La Chambre d’accusation financière a ordonné la mainlevée du mandat de dépôt du député-maire de Louga, Moustapha Diop dans l’affaire Tabaski Ngom. Cette décision constitue une avancée notable pour l’ancien ministre, qui demeure toutefois incarcéré en raison de la procédure distincte liée aux fonds Covid-19.
Le député-maire de Louga, Moustapha Diop, a franchi une étape importante dans sa quête d’une liberté conditionnelle. Statuant hier, mercredi 6 mai, sur la requête introduite par ses avocats dans l’affaire Tabaski Ngom, la Chambre d’accusation financière a ordonné la mainlevée de son mandat de dépôt et son placement sous contrôle judiciaire. Cette décision constitue un tournant dans ce dossier, même si l’ancien ministre reste confronté à un obstacle majeur : la procédure relative à la gestion des fonds Covid-19. En attendant, la Chambre d’accusation financière a assorti sa décision de conditions strictes.

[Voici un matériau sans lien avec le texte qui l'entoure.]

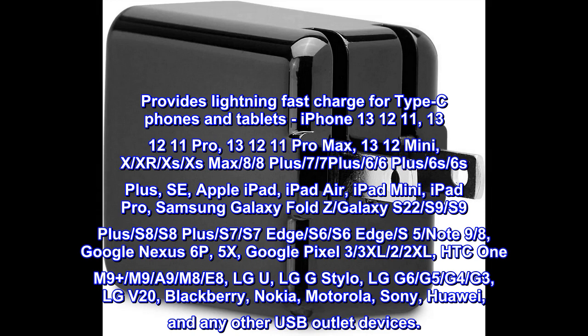iPhone 13, 12, 11; iPhone 13, 12, 11 Pro; iPhone 13, 12, 11 Pro Max; iPhone 13 Mini, 12 Mini; X, XR, XS, XS Max; 8, 8 Plus; 7, 7 Plus; 6, 6 Plus; 6S, 6S Plus; SE. Apple iPad, iPad Air, iPad Mini, iPad Pro.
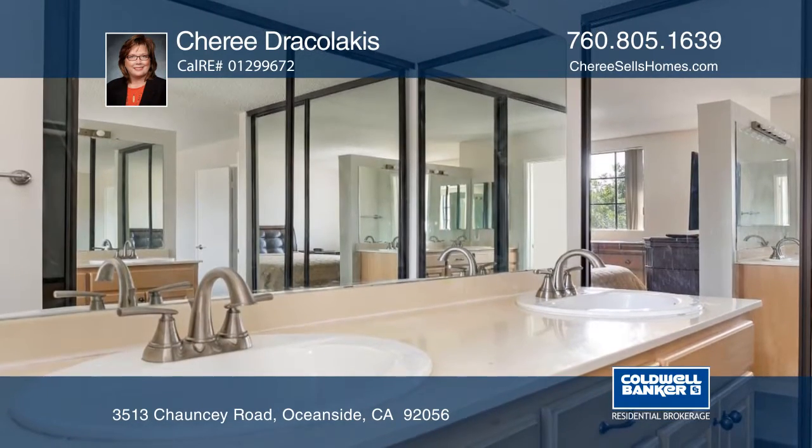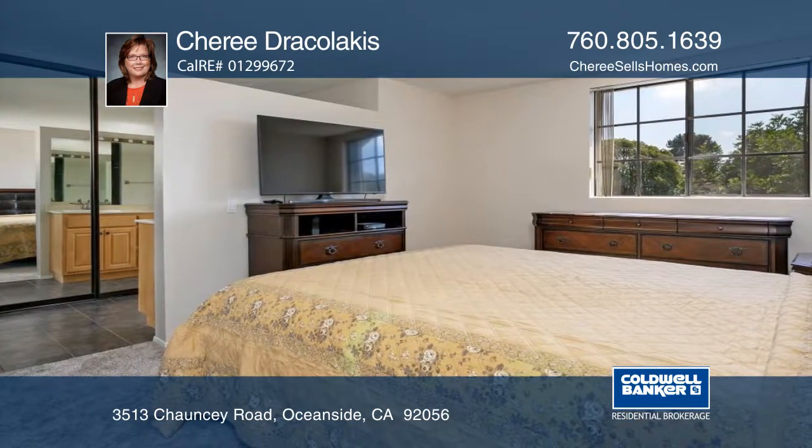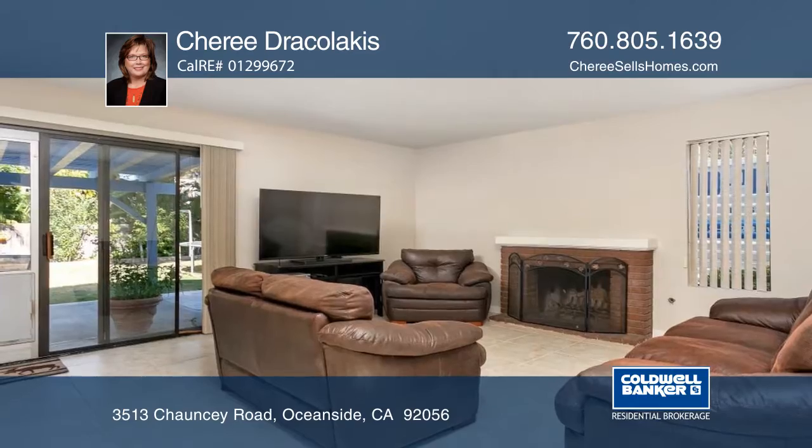The master bedroom features dual closets with mirrored doors. This home offers newer carpet, newer decorator interior paint, and central air.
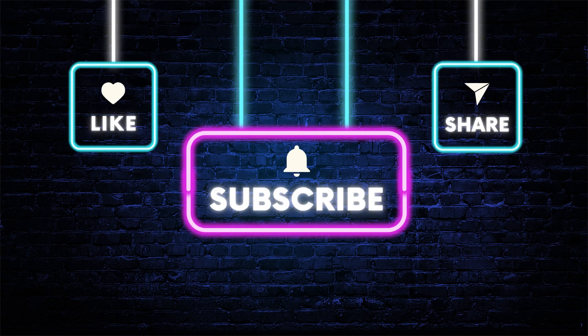Thank you for watching and don't forget to hit that subscribe button to stay updated with the latest product reviews. If you have any questions or comments, feel free to leave them down below. Until next time, stay dry and comfortable.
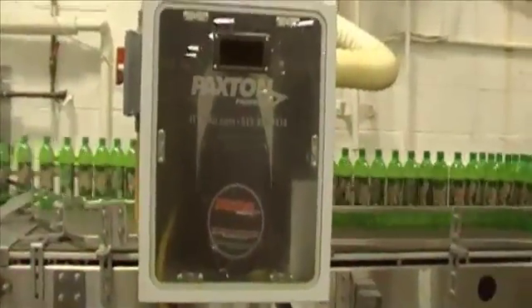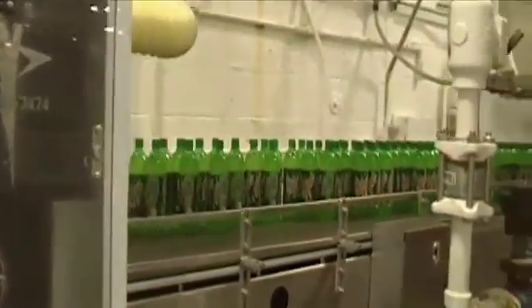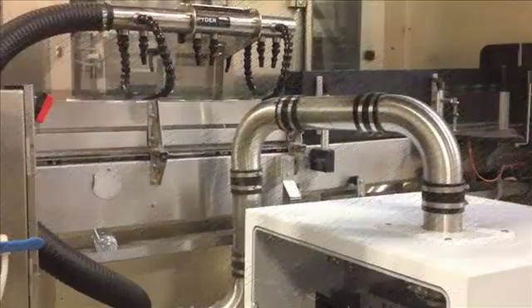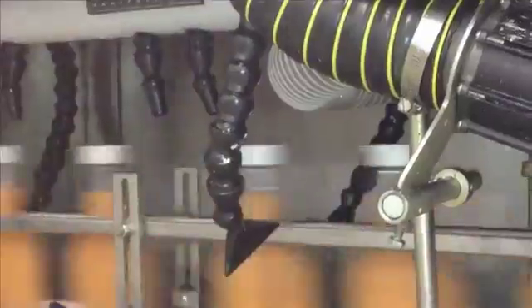Paxton Air Systems combine a high-speed centrifugal blower with an air delivery device matched to your product. Air knives produce a consistent curtain of air across the product. Spider manifolds surround the product with flexible arms to direct air under the rim or cap.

Ainsi, Moustapha Diop ne pourra pas quitter le territoire national sans l’autorisation du juge d’instruction. Il devra également déposer son passeport au greffe et se présenter chaque premier lundi ouvrable du mois devant le cabinet d’instruction. Et toute violation d’une seule de ces obligations entraînerait son retour immédiat en détention provisoire.
Cependant, malgré cette avancée, l’horizon judiciaire de l’édile de Louga reste incertain. En effet, impliqué dans une seconde procédure distincte liée au rapport sur les fonds Covid-19, Moustapha Diop reste en prison. Ses avocats devront donc poursuivre leur offensive devant la Chambre d’accusation financière du Pool judiciaire financier (PJF) afin d’obtenir une décision similaire dans ce dossier des fonds Covid19, dans lequel Moustapha Diop est visé en même temps que quatre de ses anciens collaborateurs du gouvernement sous le régime du président Macky Sall.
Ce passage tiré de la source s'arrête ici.